# EPDM an Beton kleben???



## Thomas3619 (21. Jan. 2009)

Hallo Zusammen.

ich habe mein Teichumrandung mit 20 cm hohen Bordsteinkanten. Die EPDM Folie hätte ich gerne an der Kante oben abgeschnitten und an den Beton geklebt. Habe im Internet  EPDM Active Kleber gefunden, der wohl für so etwas geeignet ist. Hat jemand damit schon Erfahrungen gesammelt?
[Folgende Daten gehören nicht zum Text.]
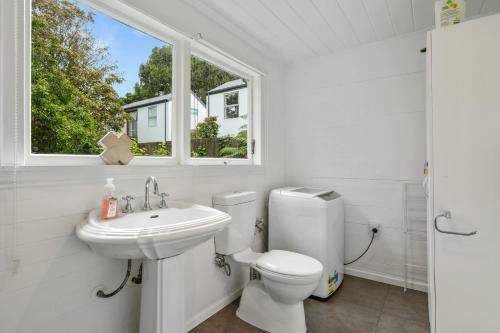Addington Cottage - Christchurch Holiday Home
Wie gut hält der???


----------



## Koi-Uwe (21. Jan. 2009)

*AW: EPDM an Beton kleben???*

Ich denke etwas an Beton zu kleben wird sehr schwierig. Kannst du nicht ein paar kleine Schrauben verwenden ?

Sonst fällt mir nur Innotec oder halt der EPDM-Kleber ein


----------



## mitch (21. Jan. 2009)

*AW: EPDM an Beton kleben???*

hallo thomas,

ich hatte da mal was bei _claudia & ludwig _gesehen: https://www.hobby-gartenteich.de/xf/threads/5086 , die haben die folie + ufermatte nur mit einer kunststoffleiste angeschraubt, scheint zu halten

nur so als idee


----------



## renne40 (22. Jan. 2009)

*AW: EPDM an Beton kleben???*

Hallo Thomas!!
Habe in meinen Schwimmteich EPDM-Folie ausgelegt und dabei einige Klebearbeiten ( Flansch, Wasserrücklauf, etc. ) mit Innotec-Kleber erfolgreich erledigt. Hält auf Stein, auf Holz und eignet sich auch zum verkleben von EPDM auf EPDM, also auch zum flicken kleinerer Löcher. Sehr empfehlenswert!!
Habe wie du Bordsteinkanten (siehe Album) zur Einfassung verwendet und teilweise daran meine Folie verklebt.
MfG Rainer aus Österreich


----------



## jochen (22. Jan. 2009)

*AW: EPDM an Beton kleben???*

Hallo Thomas,

wir hatten damals das Problem so gelöst,

den Betonring mit Zweikomponenten Epoxidharz angestrichen, so ergab sich auf dem Beton nach dem Aushärten eine glasartige Schicht,
darauf klebten wir unsere Folie (allerdings PVC) mit Innotec Adheseal.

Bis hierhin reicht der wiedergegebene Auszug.